Before landing at Bayern Munich, Klose also played in the Bundesliga at 1. FC Kaiserslautern and Werder Bremen. He also rose to the ranks of the German National Team, making his first World Cup appearance in 2002 at 24-years old. He quickly realized that he needed to do something to stay at the top of his game. Of this time, Klose said,
To get to the top is hard. To stay at the top is much harder. I had to establish myself. I had to be strict with myself: no alcohol, no clubs, go to bed early.
In 2007, Klose was sold to Bayern from Bremen and signed a four-year contract. He arrived at the same time as Franck Ribery and Luca Toni. The three newcomers stayed in a hotel for a few months together. With three players all speaking different languages and coming from different cultures, the three athletes had a hard time deciding simple things about when to eat and where to sit. Klose said,
A Frenchman, an Italian, and a German. We were only able to communicate with our hands and feet. [...] I wanted to go [to eat] as early as possible, Franck only after eight, and Luca much later. I wanted to sit at the edge of the restaurant, and Luca always wanted to in the middle [of the restaurant].

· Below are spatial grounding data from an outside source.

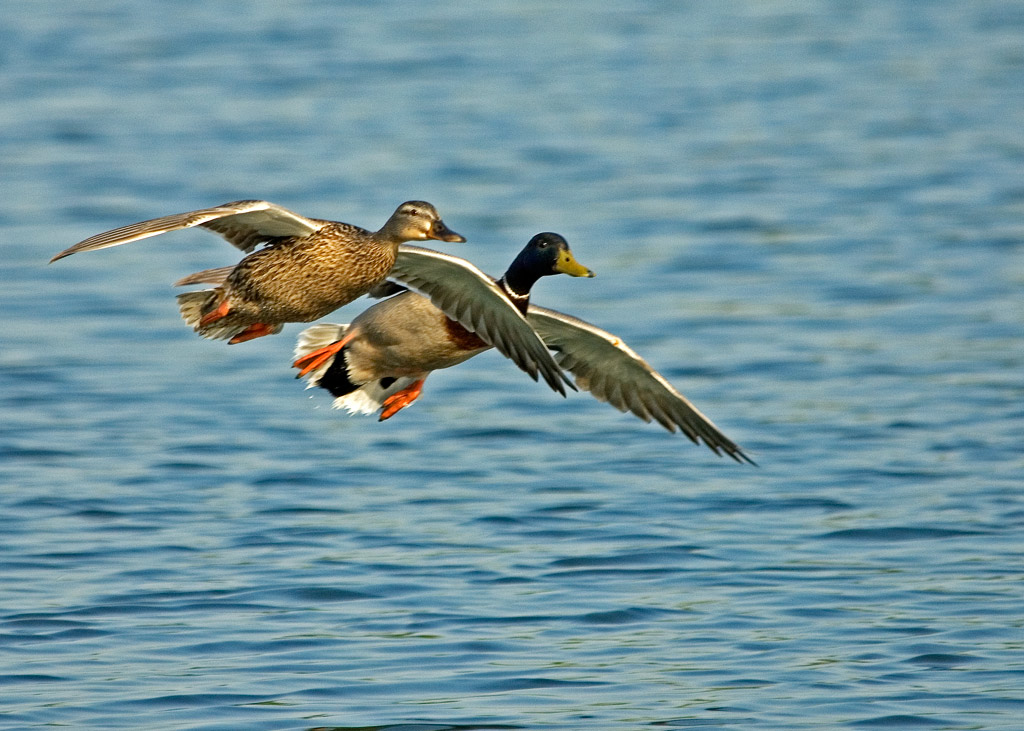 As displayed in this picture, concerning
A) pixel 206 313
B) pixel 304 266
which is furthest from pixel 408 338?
pixel 206 313

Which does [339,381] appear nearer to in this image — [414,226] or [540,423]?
[414,226]

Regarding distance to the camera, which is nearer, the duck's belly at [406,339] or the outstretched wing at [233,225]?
the outstretched wing at [233,225]

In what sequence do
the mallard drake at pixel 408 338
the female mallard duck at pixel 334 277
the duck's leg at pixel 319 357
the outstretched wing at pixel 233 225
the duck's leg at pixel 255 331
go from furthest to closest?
the duck's leg at pixel 319 357
the mallard drake at pixel 408 338
the duck's leg at pixel 255 331
the female mallard duck at pixel 334 277
the outstretched wing at pixel 233 225

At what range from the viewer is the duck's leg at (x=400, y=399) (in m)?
9.53

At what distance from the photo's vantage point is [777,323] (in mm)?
15648

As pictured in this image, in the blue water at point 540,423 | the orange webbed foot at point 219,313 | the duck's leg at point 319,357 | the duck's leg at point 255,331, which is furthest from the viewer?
the duck's leg at point 319,357

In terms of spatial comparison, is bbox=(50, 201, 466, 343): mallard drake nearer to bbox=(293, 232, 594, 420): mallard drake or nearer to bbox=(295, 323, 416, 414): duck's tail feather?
bbox=(293, 232, 594, 420): mallard drake

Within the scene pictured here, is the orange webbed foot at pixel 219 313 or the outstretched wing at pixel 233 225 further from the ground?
the outstretched wing at pixel 233 225

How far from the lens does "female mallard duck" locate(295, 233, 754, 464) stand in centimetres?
915

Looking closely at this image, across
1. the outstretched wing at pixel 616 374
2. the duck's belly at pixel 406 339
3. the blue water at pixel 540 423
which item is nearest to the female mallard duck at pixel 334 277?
the duck's belly at pixel 406 339

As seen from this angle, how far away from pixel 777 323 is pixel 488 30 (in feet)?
45.9

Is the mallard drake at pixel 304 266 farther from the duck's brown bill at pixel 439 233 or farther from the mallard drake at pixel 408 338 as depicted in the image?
the mallard drake at pixel 408 338

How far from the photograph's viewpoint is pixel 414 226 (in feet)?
28.5

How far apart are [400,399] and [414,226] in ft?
4.16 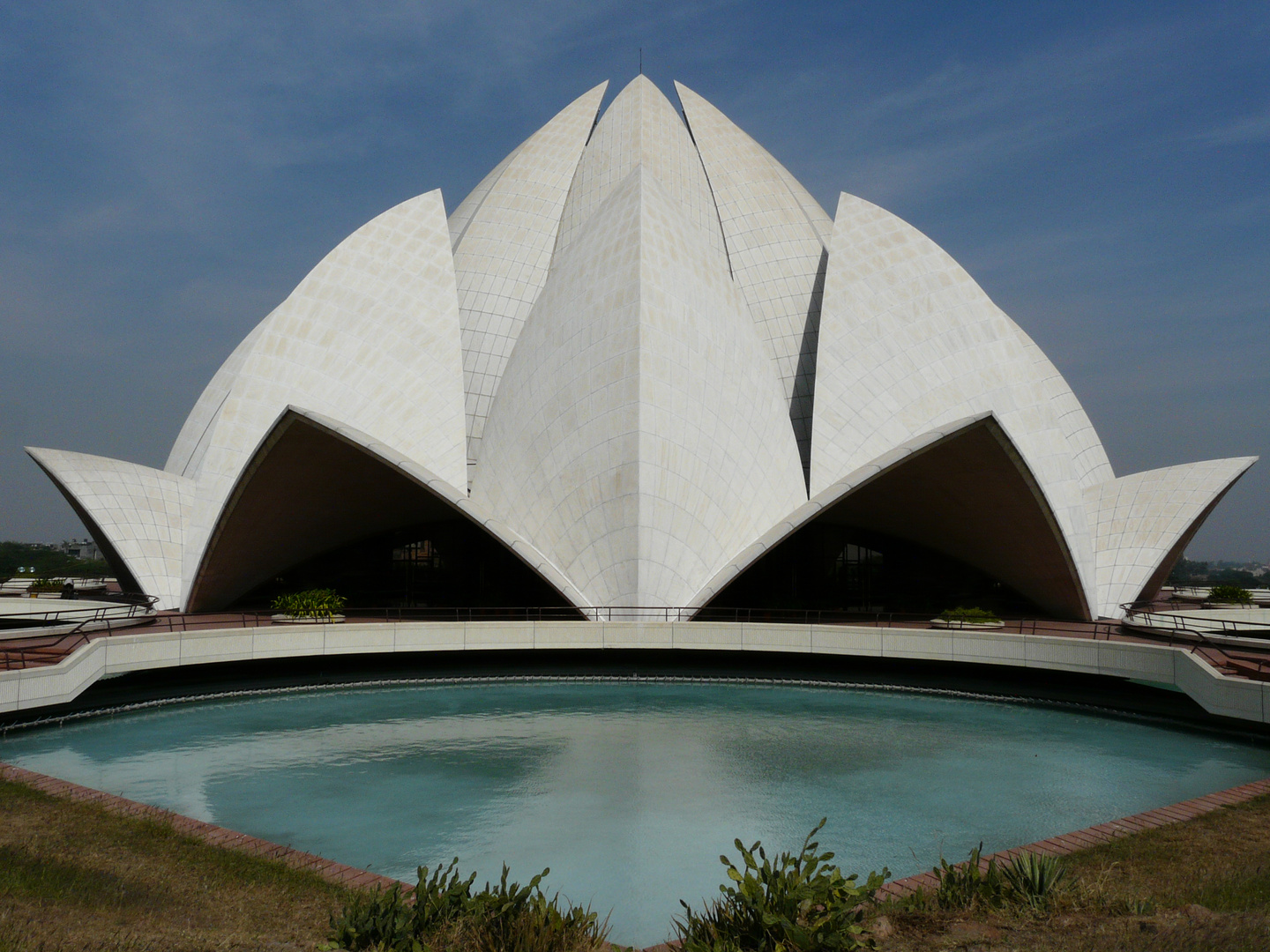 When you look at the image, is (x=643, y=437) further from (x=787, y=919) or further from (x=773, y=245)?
(x=787, y=919)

In his first year in Munich, Bayern won the double and Klose scored 21 goals in all competitions. This success came for two seasons, until Luis van Gaal took over at Bayern. He was not fond of Klose and Klose knew it. The Dutch coach also found a disliking for Luca Toni. Klose tells of a time where van Gaal pulled Luca by the ear and yelled at him in front of the team, all because he was late from team-breakfast.
Klose saw his playing time decrease with Bayern under van Gaal, even though he was still very successful with die Mannschaft. Klose used this as his outlet for his frustrations. He said,
In the international games, I scored. In the white jersey. The national team was my actual team.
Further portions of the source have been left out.